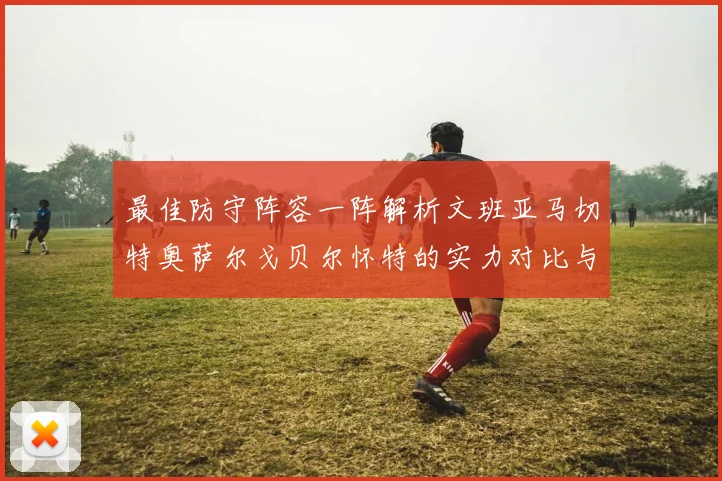 最佳防守阵容一阵解析文班亚马切特奥萨尔戈贝尔怀特的实力对比与展望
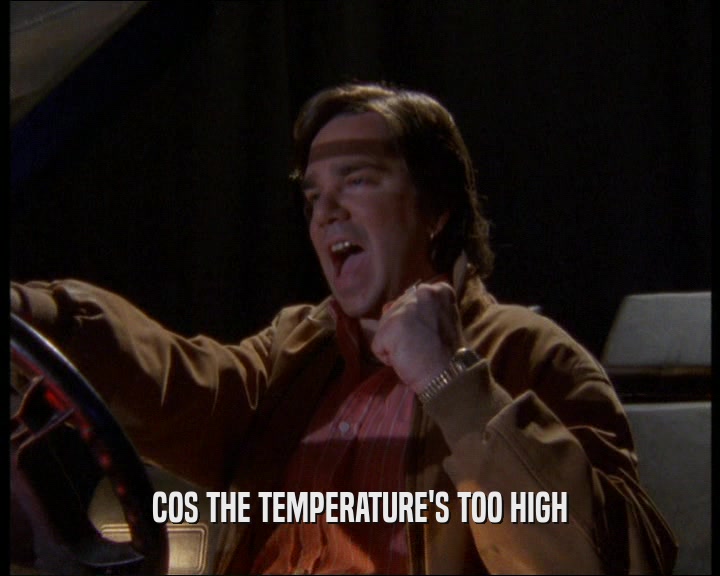 COS THE TEMPERATURE'S TOO HIGH  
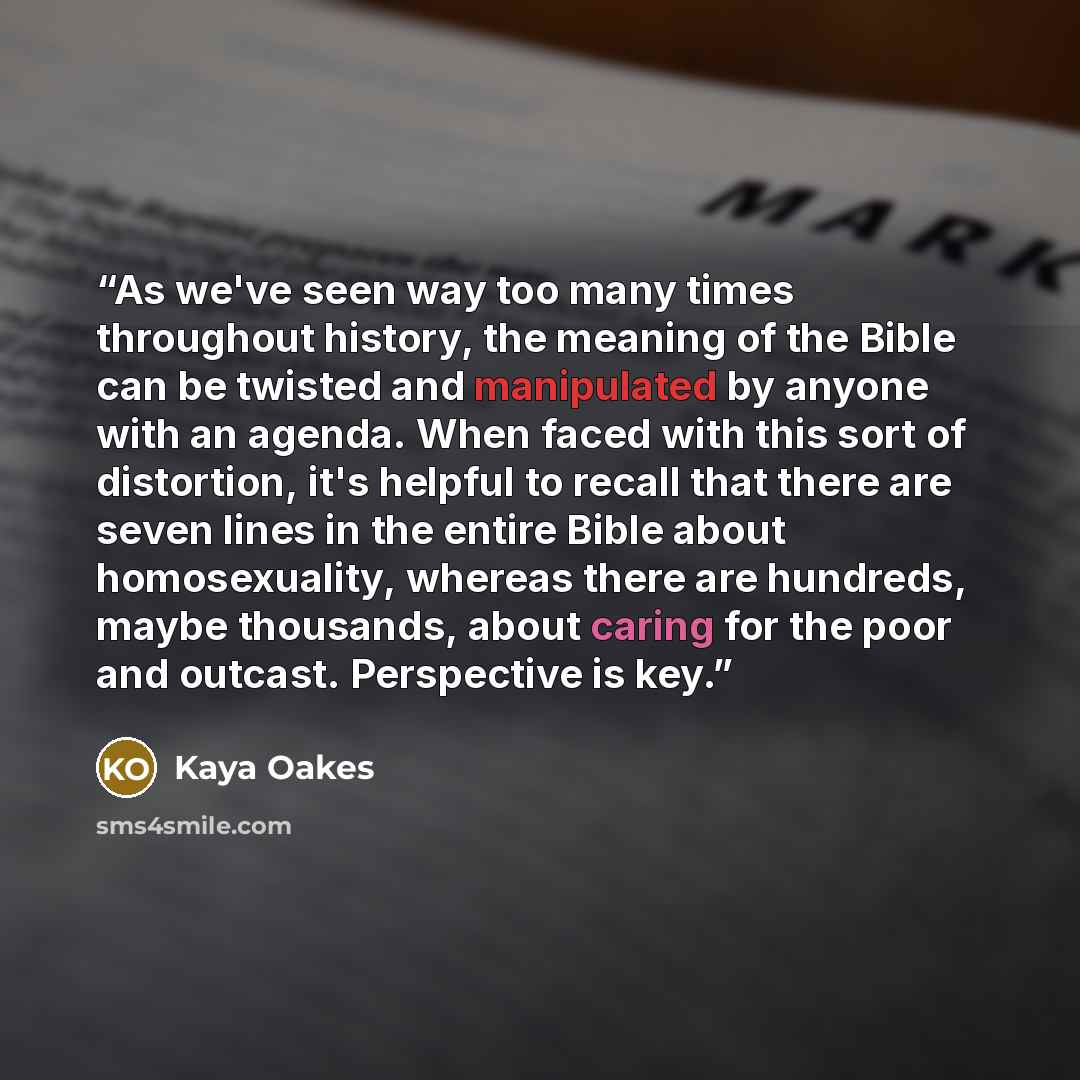 “As we've seen way too many times throughout history, the meaning of the Bible can be twisted and manipulated by anyone with an agenda. When faced with this sort of distortion, it's helpful to recall that there are seven lines in the entire Bible about homosexuality, whereas there are hundreds…” quote by Kaya Oakes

* **Task requirements**: Output the material word for word, omitting its pictures.

* **Task answer**:
 最佳防守阵容一阵解析文班亚马切特奥萨尔戈贝尔怀特的实力对比与展望
 COS THE TEMPERATURE'S TOO HIGH  
 “As we've seen way too many times throughout history, the meaning of the Bible can be twisted and manipulated by anyone with an agenda. When faced with this sort of distortion, it's helpful to recall that there are seven lines in the entire Bible about homosexuality, whereas there are hundreds…” quote by Kaya Oakes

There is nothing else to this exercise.